_Task instructions_
Working from the start of the listing, please write out exactly the lines through the one that holds "Flash Londa 489", both included, and omit all pictures.

◇ ◇ ◇ ◇ ◇

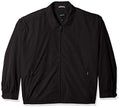 London Fog Mens Auburn Zip-Front golf Jacket (Regular  Big-Tall Sizes), Black, 4XL Big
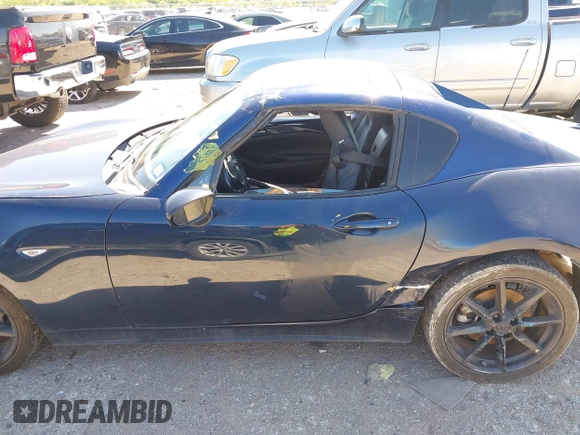 2021 Mazda MX-5 Miata Grand Touring with VIN JM1NDAM7XM0455743, listed as a IAAI auction lot 42067373 with 28,255 mi miles and . Bid and sale history available at DreamBid. Image 14.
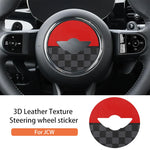 Car Steering Wheel Sticker For MINI Cooper F56 F55 F54 F60 R56 R60 U25 J01 F65 F66 PU Leather Stickers Interior Car Accessories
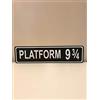 Biopracess PLATFORM 9 3/4 Street/Road Name Sign! Choice of Colors! New Home Decor Cartello stradale 10 x 40 cm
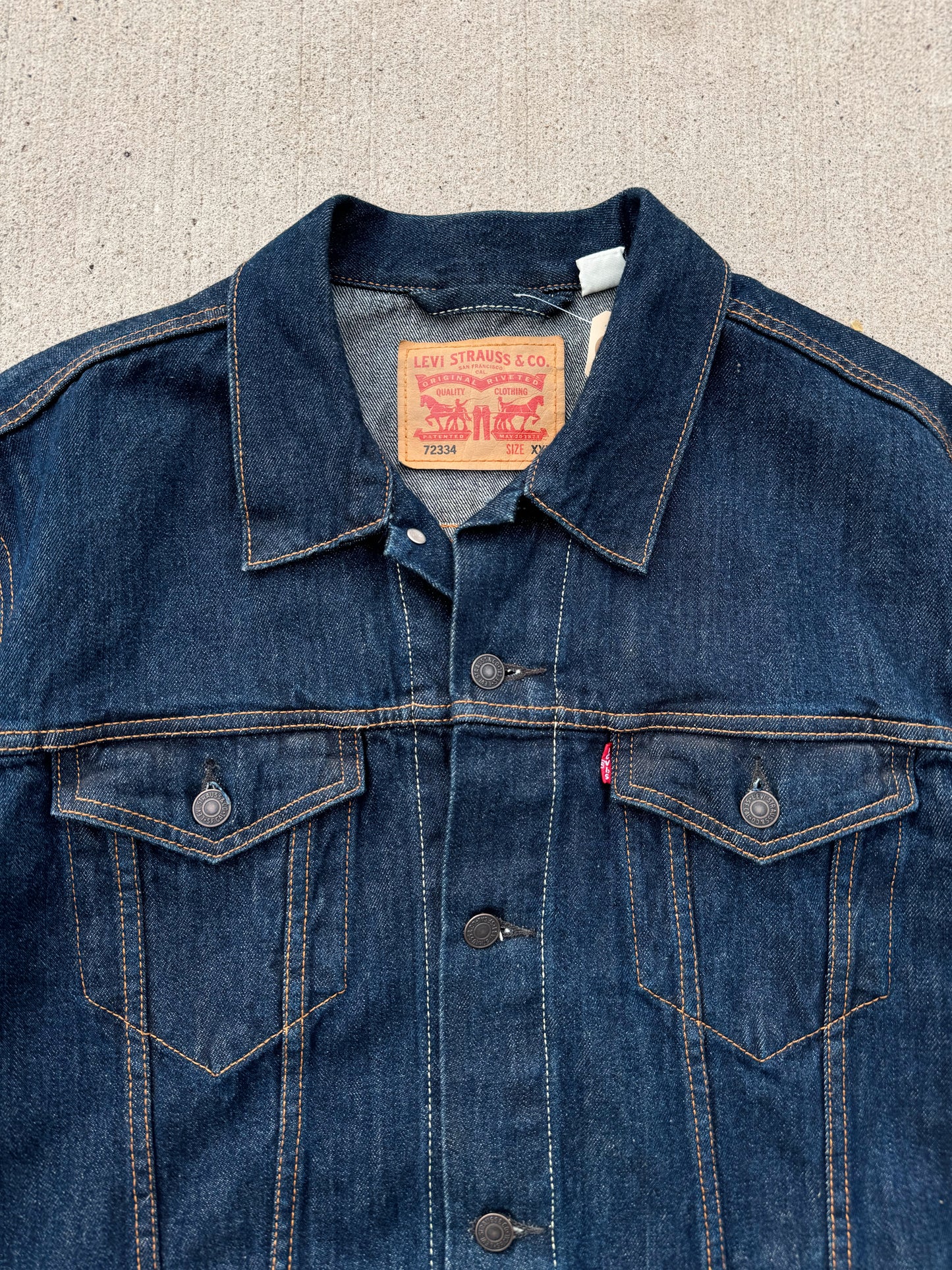 Levi’s Dark Wash Denim Trucker Jacket | XXL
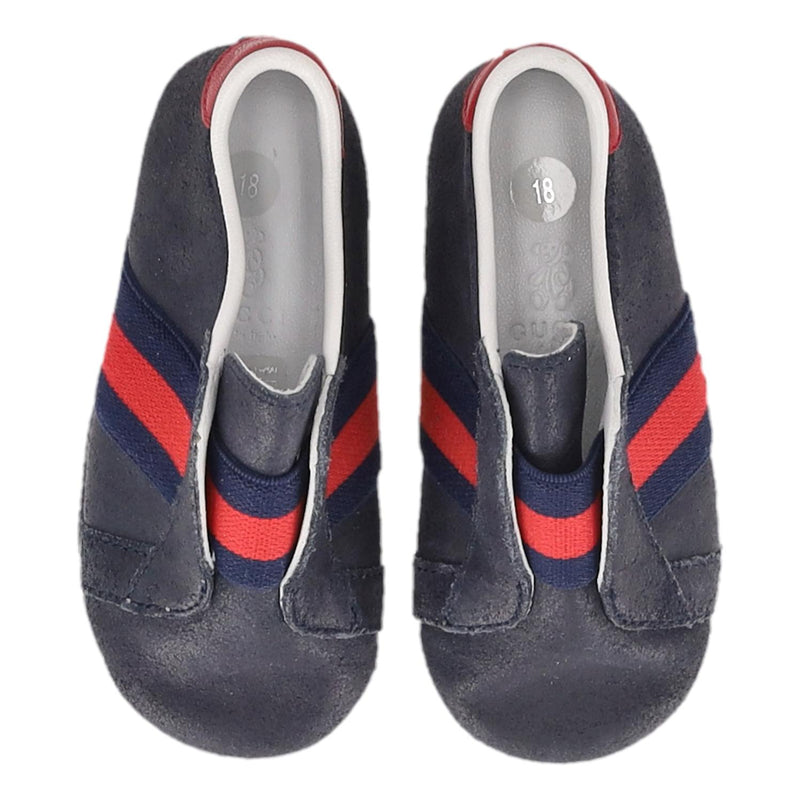 Gucci Baby Web Stripe Suede Shoes/Slippers. Size 18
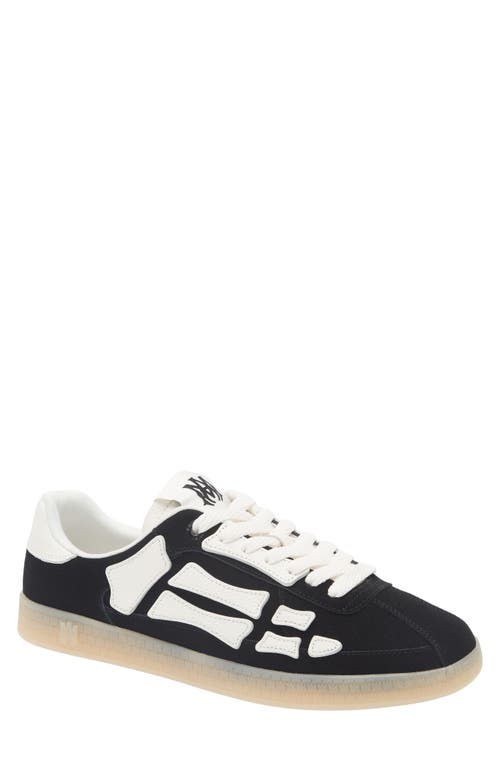 Shop Amiri Pacific Bones Low Top Sneaker In Black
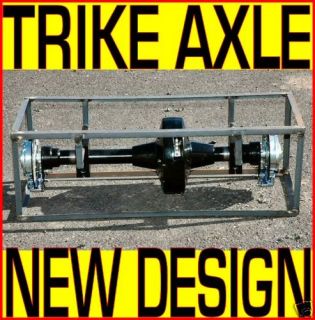 Trike Axle Conversion Kit Rear End Harley Chopper Chain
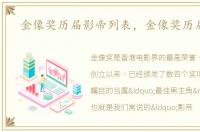 金像奖历届影帝列表，金像奖历届影帝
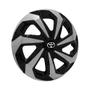 Imagem de Calota Esportiva Aro 15 Spider Black/Silver Toyota Etios Prius Yaris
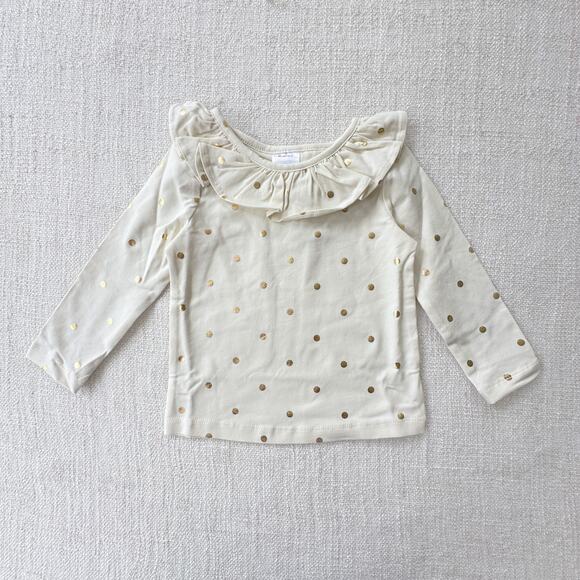 NWT Hanna Andersson Gold Dot Top 2T - Picture 1 of 7
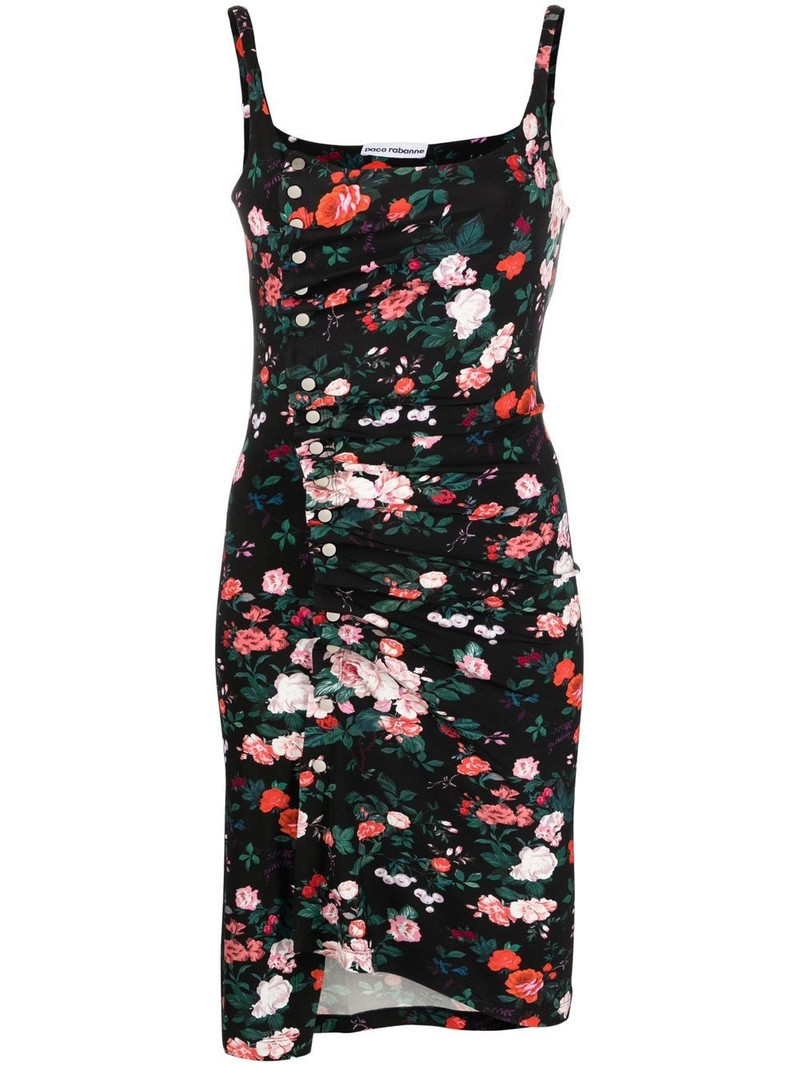 floral-print sleeveless mini dress 1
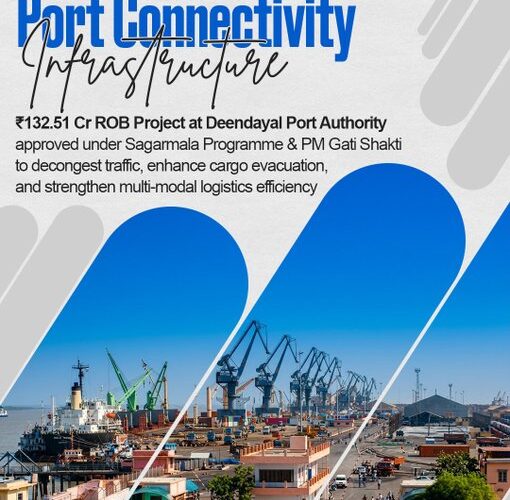 Government approves ₹132.51 crore for critical port connectivity  project at Kandla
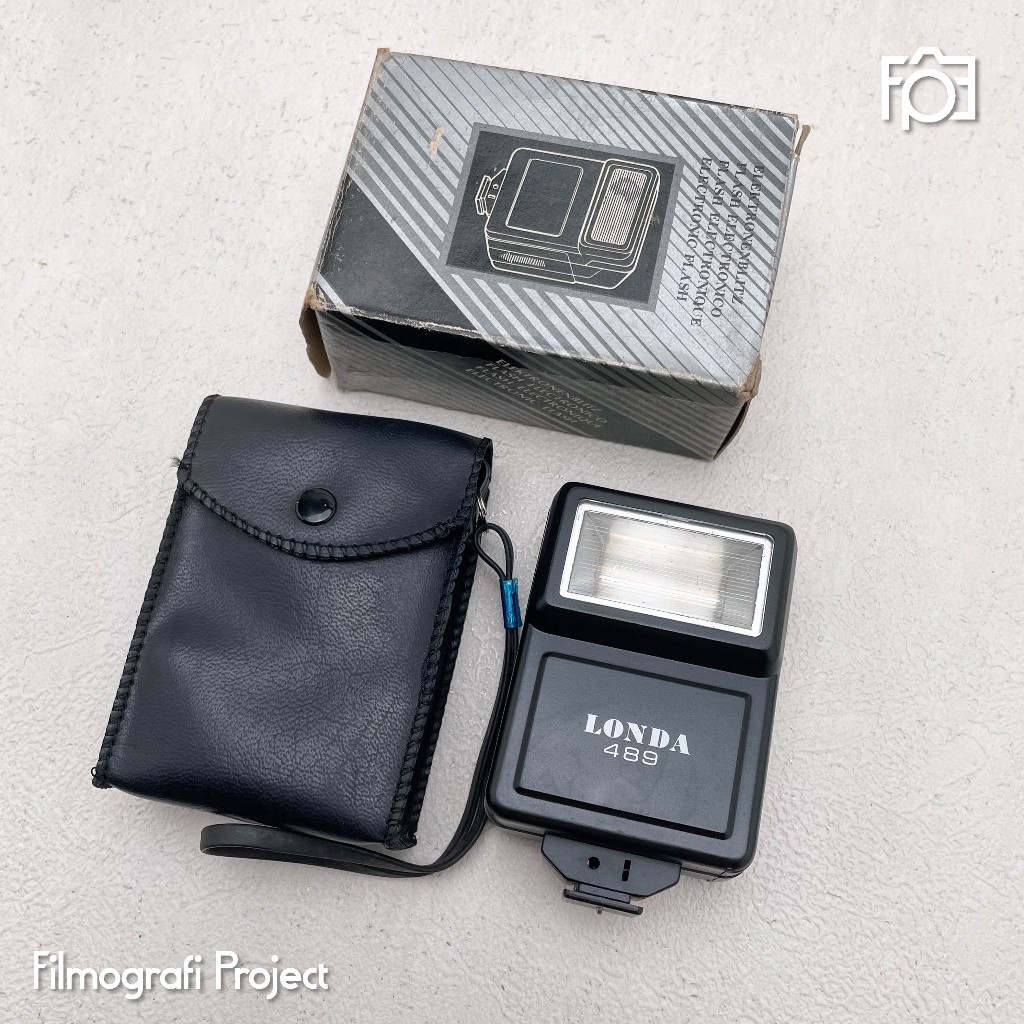 Flash Londa 489 | New Old Stock - Flash Eksternal Untuk Kamera Analog 35mm Fujica M1 Ricoh Pentax da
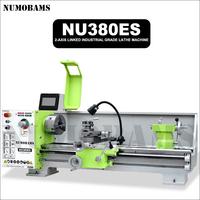 Tour à métaux horizontal robuste NUMOBAMS NU380ES, portée de coupe 380 mm, entrecentrage 1000 mm, moteur de broche 1,5 kW, filetage automatique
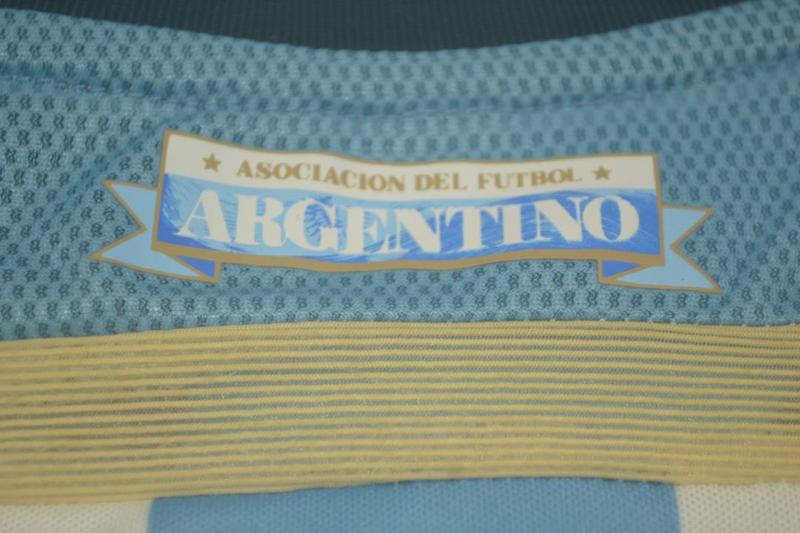 Camisa Argentina Manga Longa Home 2014 - Versão Retrô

◇ ◇ ◇ ◇ ◇

_Result of the exercise_
 London Fog Mens Auburn Zip-Front golf Jacket (Regular  Big-Tall Sizes), Black, 4XL Big
 2021 Mazda MX-5 Miata Grand Touring with VIN JM1NDAM7XM0455743, listed as a IAAI auction lot 42067373 with 28,255 mi miles and . Bid and sale history available at DreamBid. Image 14.
 Car Steering Wheel Sticker For MINI Cooper F56 F55 F54 F60 R56 R60 U25 J01 F65 F66 PU Leather Stickers Interior Car Accessories
 Biopracess PLATFORM 9 3/4 Street/Road Name Sign! Choice of Colors! New Home Decor Cartello stradale 10 x 40 cm
 Levi’s Dark Wash Denim Trucker Jacket | XXL
 Gucci Baby Web Stripe Suede Shoes/Slippers. Size 18
 Shop Amiri Pacific Bones Low Top Sneaker In Black
 Trike Axle Conversion Kit Rear End Harley Chopper Chain
 金像奖历届影帝列表，金像奖历届影帝
 Imagem de Calota Esportiva Aro 15 Spider Black/Silver Toyota Etios Prius Yaris
 NWT Hanna Andersson Gold Dot Top 2T - Picture 1 of 7
 floral-print sleeveless mini dress 1
 Government approves ₹132.51 crore for critical port connectivity  project at Kandla
 Flash Londa 489 | New Old Stock - Flash Eksternal Untuk Kamera Analog 35mm Fujica M1 Ricoh Pentax da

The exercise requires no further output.